Rosas são professores. Azuis policiais. Rosas são psicólogos. Azuis matemáticos.

E todos viviam felizes, executando suas funções.

Certo?

Bem, Ariel, não.

Ele era diferente.

Sempre fora. Logo quando nasceu, todos já notaram. Era um bebê azul, sem dúvida. Porém, havia uma mancha rosa que ia de seu olho esquerdo até a bochecha.

-O que há de errado com ele, doutor?- Perguntou sua mãe azul, assim que o viu pela primeira vez.

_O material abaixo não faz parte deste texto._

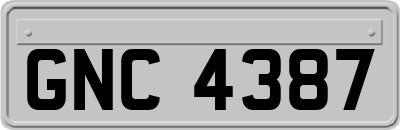 GNC4387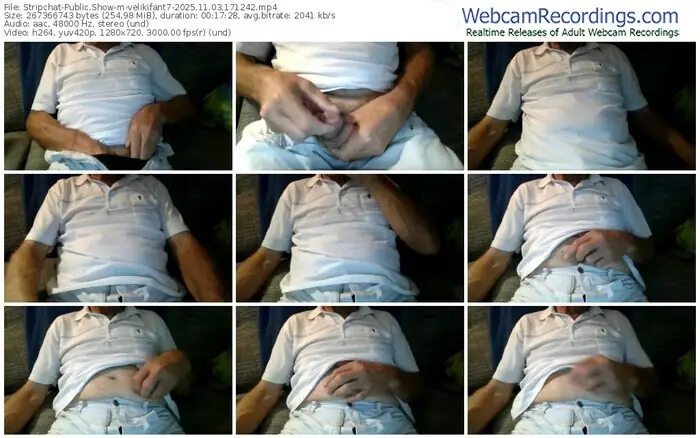 2025/11/03/stripchat-velikifant7-17-12-42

-Não sei dizer, senhora- respondeu, parecendo preocupado.

-O que pode ser feito para consertar essa anomalia?- A mulher perguntou, sem saber ao certo como se sentir. Fora lhe dito no pré-natal que ela daria luz a um azul. E esse sempre tinha sido seu sonho, embora seu marido quisesse um rosa.

-Nunca vi um caso assim, mas imagino que se vocês lhe ensinarem os costumes azuis, a mancha possa ir sumindo com o tempo.

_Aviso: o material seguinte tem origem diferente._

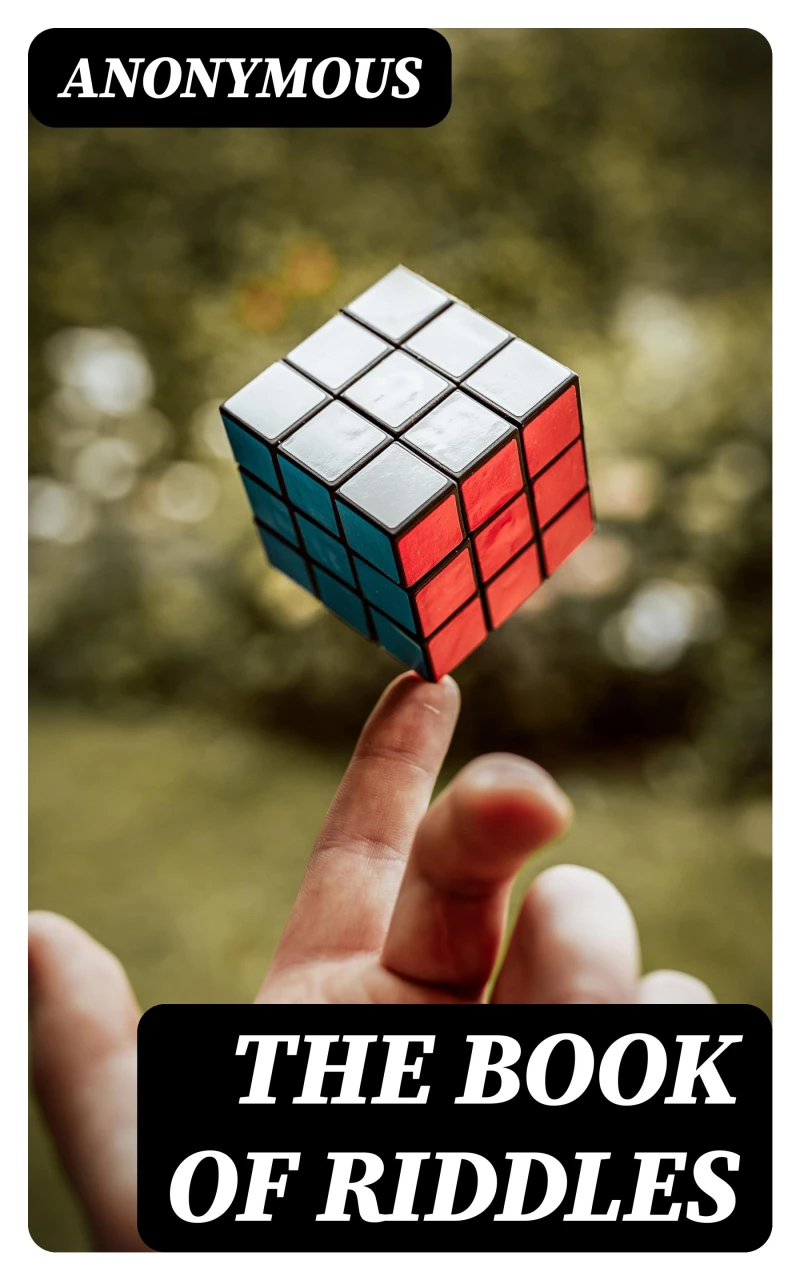 Portada: The Book of Riddles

E assim seus pais fizeram. Ariel teve a criação mais azul que era possível se ter. Sua mãe o levava para jogar todos os esportes imagináveis. Eles também sempre iam juntos caçar, pescar. Esportes relacionados a luta, como box, judô, karatê, eram os mais incentivados.

Ariel os odiava.

Não todos, é claro. Ele achava futebol até legal, e vôlei era bem divertido. Box, por outro lado, era um completo pesadelo. Os outros azuis sempre ganhavam dele, fazendo-o voltar para casa todo dolorido.

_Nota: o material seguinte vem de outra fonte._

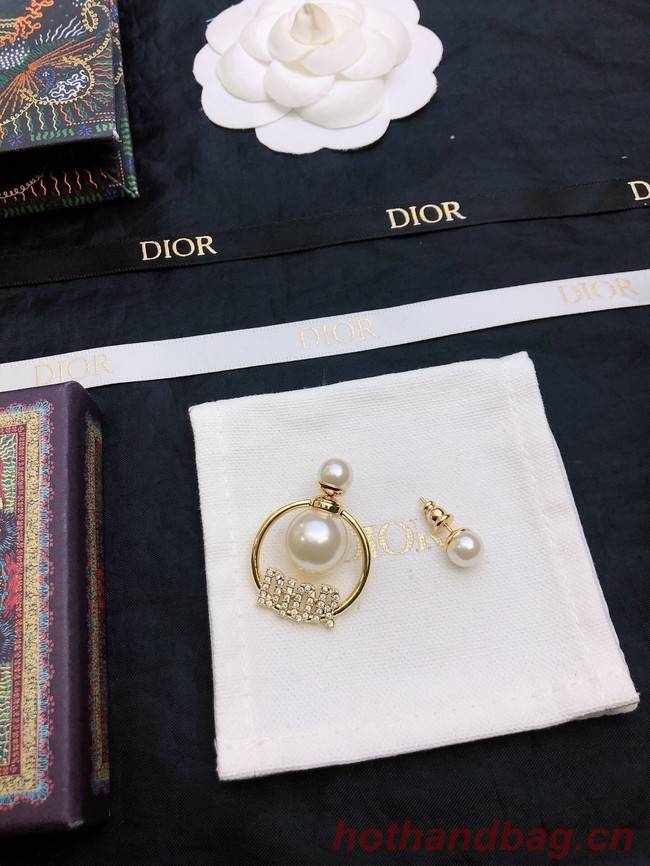 Dior Earrings CE11658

Às vezes, só gostaria de ajudar seu pai rosa na cozinha. Afinal, parecia muito trabalhoso fazer toda aquela comida sozinho, e Ariel pensava que saber fazer sua própria comida era mais útil que caçar.

Uma vez, tentou falar isso ao seus pais. Sua mãe ficou tão brava que bateu nele. Não apenas uma palmada, ela o espancou ao ponto de que mal conseguiu andar no dia seguinte.

Seu pai ficou tão indignado com ela que a denunciou por maltratos infantis. O policial azul não levou-lhe a sério.

-Uma azul batendo no filho para ele deixar de ser rosinha não é nenhum crime, senhor.

-Ela o espancou!

-Bem, aposto que ele aprendeu sua lição.

Um dia depois que sua mãe ficou sabendo do que seu pai tentara fazer, ele aparecera misteriosamente com vários hematomas ao longo do corpo.

Ele dizia a todos que caíra da escada. Mas Ariel sabia a verdade. Ouvira seus gritos.

E também sabia o motivo de tudo aquilo: sua mancha rosa.

Ela era a fonte de todos os seus problemas: seus colegas de escola não gostavam dele por isso, sua mãe não o amava graças à mancha; e agora, seu pai havia se machucado por causa dela.